We are currently running the above package in production, and I know of 2 others that do as well, so I guess it's all working fine. I'll keep it updated as newer versions of Passport appear and this issue hasn't been resolved in Laravel Passport itself in some way.

achetronic commented 4 years ago

We are currently running the above package in production, and I know of 2 others that do as well, so I guess it's all working fine. I'll keep it updated as newer versions of Passport appear and this issue hasn't been resolved in Laravel Passport itself in some way.
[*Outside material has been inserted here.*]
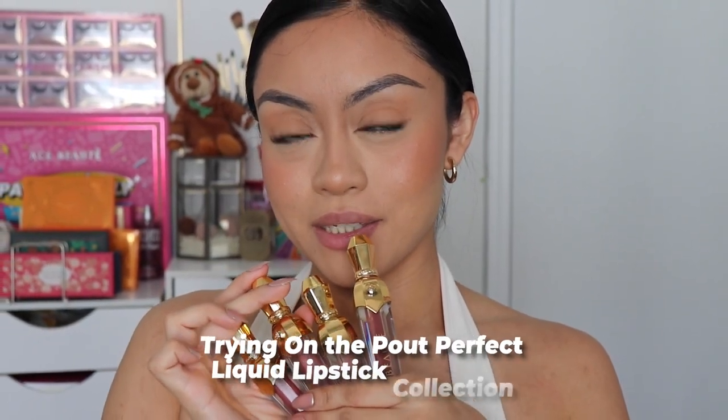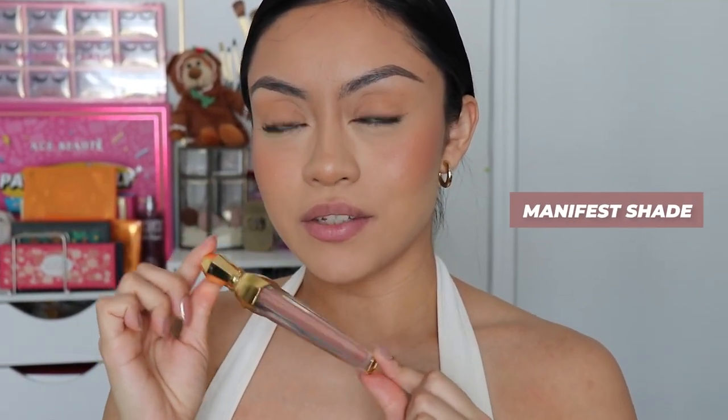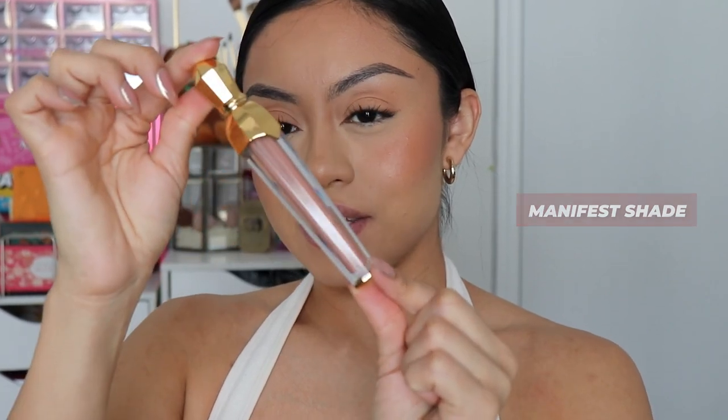Let's try on our Pout Perfect Liquid Lipsticks. The first shade I'm going to be trying on is going to be the shade Manifest, which is honestly the perfect nude.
I did an article for who that want to do this and don't know how to. Overloading some classes (less as I can). I hope this help others in the future The post about it

I have done and tested it with Laravel 6 y Passport 7.5

p-jk commented 4 years ago

@onamfc It worked in Laravel 5.8. Thanks! <3

Exotelis commented 4 years ago

We are currently running the above package in production, and I know of 2 others that do as well, so I guess it's all working fine. I'll keep it updated as newer versions of Passport appear and this issue hasn't been resolved in Laravel Passport itself in some way.

Tested it with laravel 7.10.x and laravel passport 8.5.0 and it is working. Great job. Thanks a lot :) However, this should be supported by default!